The front doors at Bin to Bottle were locked, the offices dark. I felt like a 20-something reporter again as I tried to find a way into the facility. Climb a fence? Drop in from a tree? I had not done these things in a long time, if ever. Actually I only went around a few bushes beyond a parking lot in the back to find an entrance. Eventually I came to the back site where, yes, grapes had come in for this year’s late-starting harvest. They were from Yolo County, but there they were, bins of them, waiting to become wine.
I apologized for not being Tim Carl with his cameras. Everyone was gracious. I took photos with my iPhone and texted Tim. “Got it.”
“Please send me five lines and a photo for Instagram,” he replied. I hoped he was not in the middle of one of the four weddings.
I called Dave.
“Get me five graphs,” he barked just like an old-time editor. I dashed home and sent him 10 graphs, and the remarkable Glenda Winders, our copyeditor in the Midwest, read them. Dave posted the story. Tim waited till it was up to file on Instagram so no one could scoop him. In two and a half hours the story was out in the world.
“Gads, that was fun,” Dave wrote in a new message, “although I almost said ‘just phone in the story,’ like the old days, which might have been faster.”
Yes, we might have done it two hours and 15 minutes. Nonetheless, it reminded us all that even though we might be getting older, the thrill of the chase never does.
When Tim came up with the idea of Napa Valley Features, he stressed that he just wanted everyone to have fun, the writers telling stories as well as the readers who receive them. It seems to be working. Some 1,500 subscribers have signed on since he launched the service in May.
Then he sent me another message from the road — this time from an airport on the way to Oklahoma — asking me if, when I wrote this Sunday summary for him, I could mention that of these subscribers only 31 percent have opted to change from free to paid subscriptions. Napa Valley Features was created in the model of NPR and the great classical music station KDFC. The content is there for everyone, but it certainly helps when people who enjoy it pitch in to make it happen. As Dave Stoneberg sagely pointed out a few weeks back, a subscription at $5 per month is about the cost of one coffee at any of our favorite stops.

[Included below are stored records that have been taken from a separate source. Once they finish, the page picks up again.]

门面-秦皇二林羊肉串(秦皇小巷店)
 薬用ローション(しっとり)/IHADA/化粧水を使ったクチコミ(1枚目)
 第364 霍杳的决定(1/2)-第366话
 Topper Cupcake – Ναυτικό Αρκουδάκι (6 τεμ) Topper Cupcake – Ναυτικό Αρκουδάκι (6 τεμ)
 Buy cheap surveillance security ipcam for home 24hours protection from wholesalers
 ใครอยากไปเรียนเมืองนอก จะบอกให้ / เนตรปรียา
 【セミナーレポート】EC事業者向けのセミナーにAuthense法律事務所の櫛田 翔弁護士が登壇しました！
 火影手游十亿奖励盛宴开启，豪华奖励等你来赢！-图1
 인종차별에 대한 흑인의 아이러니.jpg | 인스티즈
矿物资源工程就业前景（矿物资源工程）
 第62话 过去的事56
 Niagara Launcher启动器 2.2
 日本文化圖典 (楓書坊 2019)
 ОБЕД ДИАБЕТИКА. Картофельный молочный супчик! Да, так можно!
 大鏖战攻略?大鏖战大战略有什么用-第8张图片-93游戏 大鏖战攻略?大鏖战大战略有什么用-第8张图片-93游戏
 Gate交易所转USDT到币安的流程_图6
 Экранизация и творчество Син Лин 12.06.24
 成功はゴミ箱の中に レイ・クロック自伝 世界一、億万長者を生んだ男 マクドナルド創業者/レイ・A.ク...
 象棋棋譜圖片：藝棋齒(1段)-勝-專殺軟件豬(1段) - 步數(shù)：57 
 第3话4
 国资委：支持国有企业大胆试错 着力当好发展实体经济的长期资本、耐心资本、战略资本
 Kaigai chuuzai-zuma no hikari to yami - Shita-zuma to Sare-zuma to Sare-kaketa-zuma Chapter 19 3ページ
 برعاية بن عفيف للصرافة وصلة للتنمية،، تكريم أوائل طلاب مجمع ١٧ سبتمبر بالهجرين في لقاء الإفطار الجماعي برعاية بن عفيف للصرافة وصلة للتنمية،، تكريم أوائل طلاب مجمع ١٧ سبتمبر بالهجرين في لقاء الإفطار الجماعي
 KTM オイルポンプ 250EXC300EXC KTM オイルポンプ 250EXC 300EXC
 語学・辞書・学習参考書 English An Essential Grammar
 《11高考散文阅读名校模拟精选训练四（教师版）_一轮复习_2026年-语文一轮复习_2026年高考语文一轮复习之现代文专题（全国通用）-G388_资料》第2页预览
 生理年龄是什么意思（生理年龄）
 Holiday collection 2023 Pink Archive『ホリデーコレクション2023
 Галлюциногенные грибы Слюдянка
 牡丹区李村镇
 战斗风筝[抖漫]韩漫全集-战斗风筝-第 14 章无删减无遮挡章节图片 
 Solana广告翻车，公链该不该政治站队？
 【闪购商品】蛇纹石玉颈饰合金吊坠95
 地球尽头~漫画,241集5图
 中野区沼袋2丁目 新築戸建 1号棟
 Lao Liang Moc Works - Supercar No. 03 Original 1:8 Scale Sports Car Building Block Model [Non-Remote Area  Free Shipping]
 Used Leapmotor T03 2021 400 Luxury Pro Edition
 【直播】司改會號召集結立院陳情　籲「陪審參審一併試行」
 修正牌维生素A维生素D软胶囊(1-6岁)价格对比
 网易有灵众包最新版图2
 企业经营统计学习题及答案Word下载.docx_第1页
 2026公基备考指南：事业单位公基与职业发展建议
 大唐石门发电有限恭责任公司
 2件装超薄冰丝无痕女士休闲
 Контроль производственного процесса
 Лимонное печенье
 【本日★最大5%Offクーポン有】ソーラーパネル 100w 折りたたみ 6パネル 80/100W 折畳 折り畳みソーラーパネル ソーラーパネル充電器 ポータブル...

Among last week’s highlights (in addition to our scoop on harvest, with St. Supéry following up and harvesting Napa fruit on Aug. 16), Dave Stoneberg wrote an excellent piece on Monday, reporting on a town meeting in St. Helena, hosted by Napa Valley Community Foundation and Highway 29 Media, on a subject that seems to be on a lot of people’s minds: What’s happening to local journalism and what can be done about it? The focus was on the much-loved St. Helena Star, where the valiant and brilliant Jesse Duarte continues his solo effort to produce a weekly paper. Hopes are high that Highway 29 Media, which saved the Calistoga Tribune and the Yountville Sun, is going to be able to accomplish another miracle in St. Helena.
Dave also wrote Thursday’s wine story, a look at how a fourth generation of winemaking Mondavis is carrying on their family legacy. Paul Franson filed a report on the planning for next year’s countywide Mustard Celebration, unfolding under the leadership of Jessel Miller. And Dave Layland, a Napa County master gardener, shared a fascinating, evocative story about the First People of Napa County.
Coming up next week, Anne Ward Ernst will be reporting about PG&E’s tree-trimming plans, and Tim Carl has two stories, one about the Valley Players and another about a winery whose story he wants to tell. Evy Warshawski will preview the upcoming L’Chaim Festival at Copia, among the other surprises in the works. You never know. Stay tuned.
For the record, Tim made it to all four wedding celebrations.
Sasha Paulsen is a journalist and novelist who lives in Napa.
Great story Sasha and Dave!
And congratulations times 4 to Tim Carl and family!!!!